Girls Gotta Eat – "BJ Tips, Anal, and Uncircumcised Guys" feat. Shaun Galanos
Release Date: February 17, 2025
Hosts: Ashley Hesseltine (A) & Rayna Greenberg (C)
Guest: Shaun Galanos (B), "The Love Drive"
Theme: A candid and comedic dive into the realities of dating, sex, and relationships, with a strong focus this episode on sexual taboos, communication, and sexual variety.
Episode Overview
This episode is a lively, candid, and often hilarious exploration of the kinds of sex, relationship, and body questions listeners might hesitate to ask elsewhere. Ashley and Rayna are joined by Shaun Galanos, a love coach and host of the "We Can Do Better" podcast. Topics range from food debates and wedding planning to an in-depth, honest Q&A about common sexual "taboos"—including anal sex, blow job tips, communication, and what to do when your partner is uncircumcised. The discussion is refreshingly non-judgmental and practical, centering on open conversation and pleasure for all.
Key Discussion Points & Insights
1. Life Chats and Banter [02:11–15:21]
- Room Temperature vs. Fridge Butter: The hosts debate whether butter and other foods belong in the fridge or at room temp. Rayna’s a fan of room temp butter for easy spreading:
“Nothing is better than room temp butter.” – Rayna [09:08]
- Vanity Plates in Delaware: Rayna explains the quirky culture of low-numbered plates as family heirlooms.
- Clothing Rant:
“Who looked at a pair of jeans and was like, ‘You know what we should do? Make this harder to put on and get off’?” – Ashley [13:42]

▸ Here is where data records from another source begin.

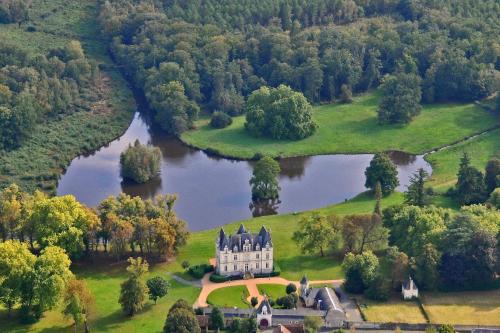 La Fontaine-Saint-Martin House | Château du Maurier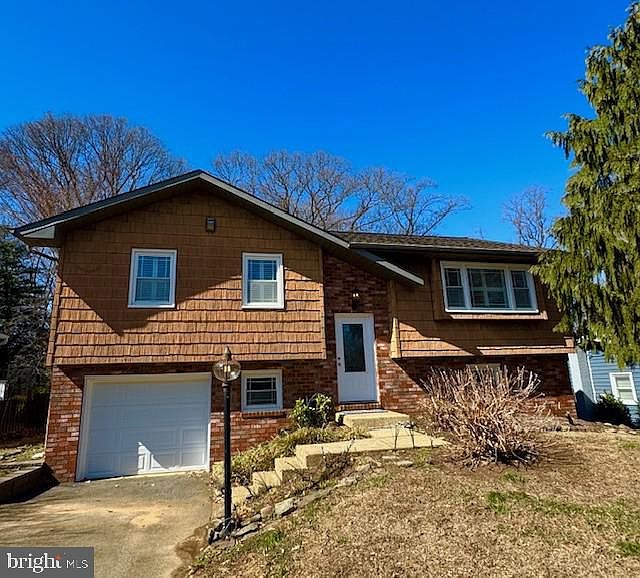 1st image of 1321 Poplar Hill Dr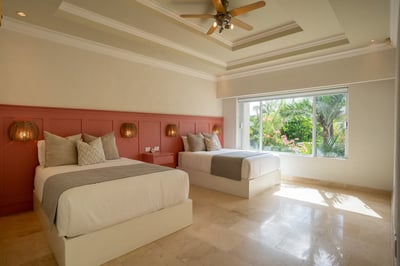 Luxury Villa Photo #40
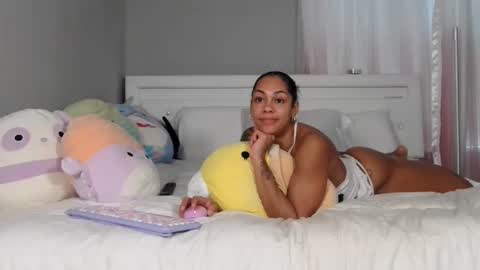 Snapshot of nikayasworld chatting on November 26, 8:21 pm nikayasworld online show from November 26, 8:21 pm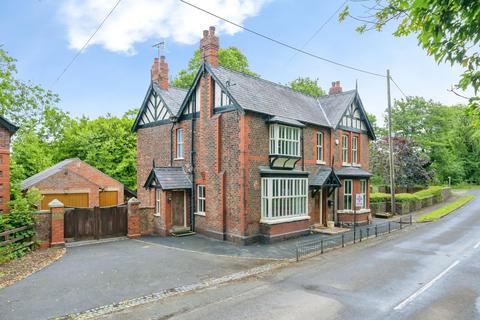 4 bed property, in Grimsditch Lane, £799,000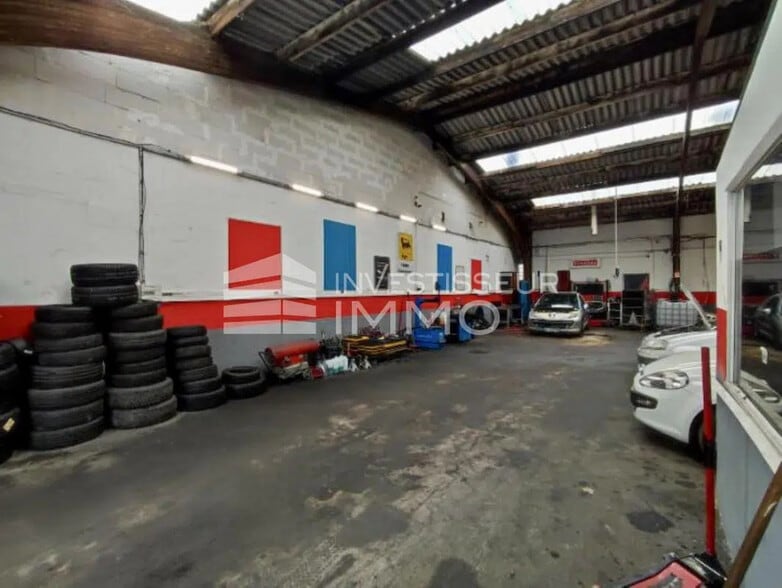 Industriel/Logistique dans Vaux-le-Pénil à vendre - Photo de l’immeuble – Image 3 sur 5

2. Wedding Planning Update [22:15–27:15]
- Rayna shares her genuine excitement with her wedding planner, Jacqueline (The Wedding Plan and Company), and plugs their honest, transparent approach to event planning.
“She really got my vibe, and she’s been on it, and I just loved working with her.” – Rayna [24:03]
- Discussion on the logistics and emotional experience of planning a wedding as a couple, including the business-like energy of a Zoom meeting with her fiancé.
3. Introducing Shaun Galanos – His Journey to Love Coach [31:01, 48:23]
- Shaun recounts his origin story: from driving a San Francisco taxi (recording a loveline-style podcast in-cab called "The Love Drive") to becoming a certified love and sex coach.
“It was like Taxi Cab Confessions meets Loveline.” – Shaun [49:24]
- Notable detour: Shaun’s experience as a rape crisis counselor, emphasizing the power of supportive, non-judgmental conversation [51:22].
4. Sex Taboo Q&A with Shaun [35:35–End]
a. Uncircumcised Dicks: Myths, Handling, and Preferences [36:02–41:06]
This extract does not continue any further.